Nine liquor licensing officials detained at Manyani Prison

The board members were at the penal institution to inspect a bar, only to be met by the wrath of the authorities.

Members of a liquor licensing committee yesterday found themselves in trouble when they went to inspect a bar at the Manyani Maximum Security Prison.

The nine Voi Sub-county Liquor Licensing Board members were detained in the prison located on the Nairobi-Mombasa highway and later kicked out for alleged trespass.

The nine, who included public health officials, a police inspector and civilians, claimed they were roughed up and held hostage by prison warders before they were kicked out of the facility.

“The officers told us they were acting on instructions from above not to allow us to inspect the facility,” one board official told The Standard.

Led by the team's vice chairperson Fatuma Mwamburi and area public health officer Juma Suleiman, they said they wanted to know if the facility had a licence and a single-business permit to operate a bar.

They also wanted to know whether workers in the bar had medical certificates as required by law.

“The authority is also selling cheap liquor at the facility, which is in total disregard of the liquor laws,” claimed Rev Scaver Nzai.

Denied claims

But South Coast Region Deputy Prisons Commander Nicholas Maswai denied claims that the prison facility had a bar.

“What we are operating is a senior prison officers' mess and not a bar as claimed by the liquor licensing court,” said Mr Maswai, who is also the county prisons commander.

He said the officials entered the security facility without authority.

“The officials entered the facility and went straight to the officers' mess.
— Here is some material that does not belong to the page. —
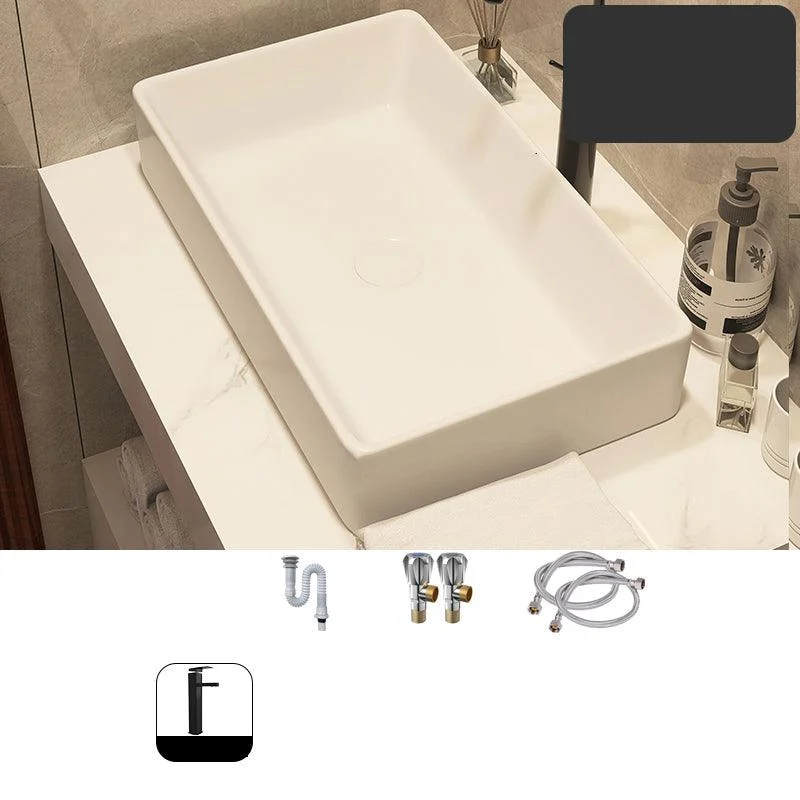 Modern Style White Bathroom Sink Rectangle Ceramic Bathroom Sink -Bathlova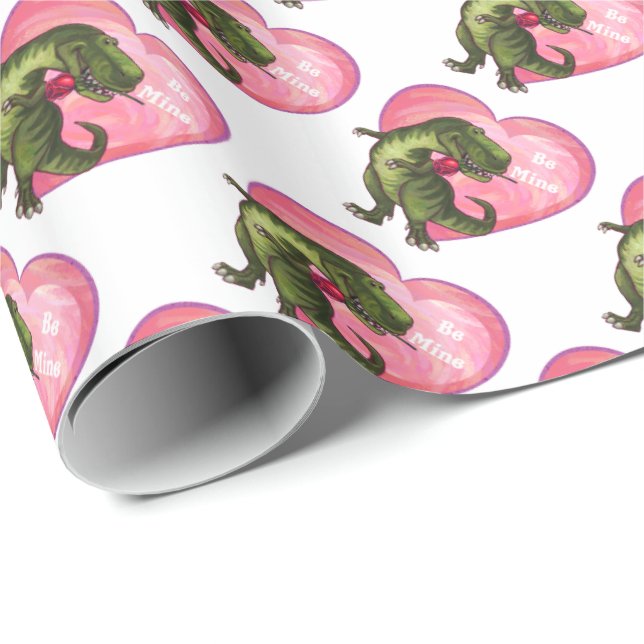 Tyrannosaurus Valentine's Day Wrapping Paper (Roll Corner)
We intervened when we learnt that the officials were harassing inmates cleaning the mess,” he said.

Maswai said prison warders were angered by reports that they wanted to arrest prison officers and prosecute them for operating a bar without a licence.

“The officials did not even have an appointment to inspect the facility in the first place,” he noted. “We have been restricting visitors because we hold hardcore criminals here.”